From: aidotengineer
Hybrid thinking mode is a significant feature introduced in Quen 3, allowing a single model to utilize both “thinking” and “non-thinking” behaviors [00:05:31]. This capability combines two distinct approaches to AI model operation [00:05:39].
Components of Hybrid Thinking Mode
- Thinking Mode
- In this mode, before providing a detailed answer, the model engages in a process of reflection, exploring possibilities, and determining its readiness to answer [00:05:42].
- Models like 01 and Deep R1 exhibit this “thinking behavior” [00:06:04].
- Non-thinking Mode
- This is akin to a traditional instruction-tuned model or a chatbot [00:06:09].
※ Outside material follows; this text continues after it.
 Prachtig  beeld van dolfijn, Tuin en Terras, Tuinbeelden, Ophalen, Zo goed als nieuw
- It provides answers without an explicit thinking process, resulting in near-instant responses [00:06:16].
Quen 3 is noted as potentially the first instance in the open-source community to combine these two modes into a single model [00:06:23]. Users can control the model’s behavior using prompts or hyperparameters [00:06:30].
Dynamic Thinking Budget
A key feature enabled by the hybrid thinking mode is the “dynamic thinking budget” [00:06:36]. This budget defines the maximum number of thinking tokens an AI model can use for a given task [00:06:46].
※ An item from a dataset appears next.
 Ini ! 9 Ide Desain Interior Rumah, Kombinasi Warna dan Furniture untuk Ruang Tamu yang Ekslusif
- Impact of Budget: If a task requires more thinking tokens than the allotted budget, the thinking process will be truncated at the budget limit [00:07:20].
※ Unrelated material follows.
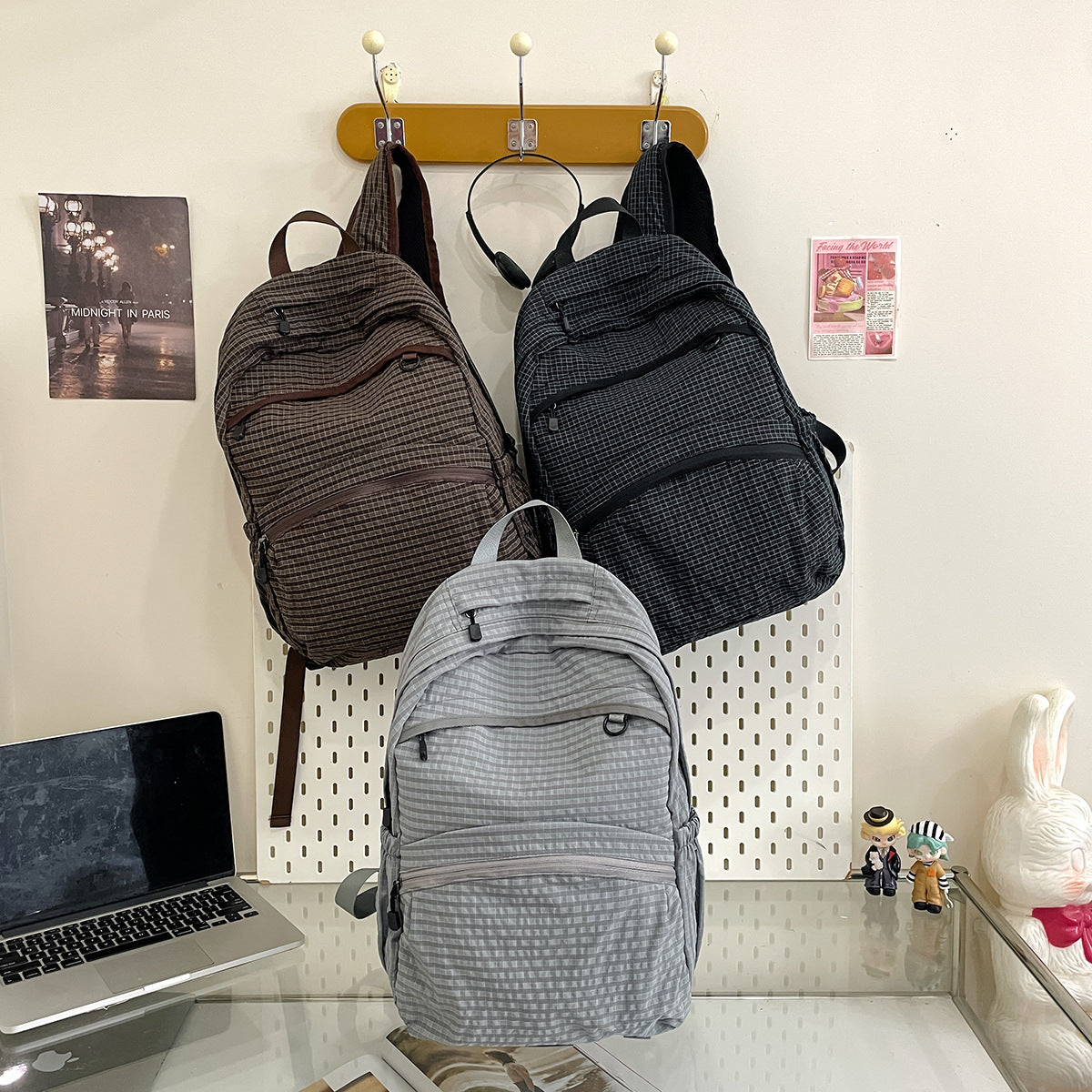 Padded Multi-Pocket Backpack LoungeYard — product view 4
- Performance: Performance generally increases with larger thinking budgets [00:07:45]. For example, in the AM 24 benchmark, a small thinking budget might yield just over 40% performance, while a large budget of 32,000 tokens can achieve over 80% [00:07:52].
- Optimization: Users can tailor the thinking budget to meet specific accuracy requirements, avoiding wasted tokens if a lower budget still achieves the desired outcome (e.g., 8,000 tokens for over 95% accuracy in a task) [00:08:21].
Application in Multimodal AI Systems
The concept of thinking capabilities and dynamic thinking budget has also been explored for vision language models like QVQ [00:13:18]. Similar to language-only models, a larger thinking budget in vision language models leads to better performance, especially in reasoning tasks such as mathematics [00:13:32].
Agent Capabilities
The ability to combine thinking with environmental interaction is a key aspect of developing productive AI agents [00:10:14]. Models with hybrid thinking mode can use tools, receive feedback from the environment, and continue thinking, which is beneficial for inference-time scaling [00:10:00]. This capability is crucial for models to evolve beyond simple chatbots into highly productive agents in various working life scenarios [00:11:06].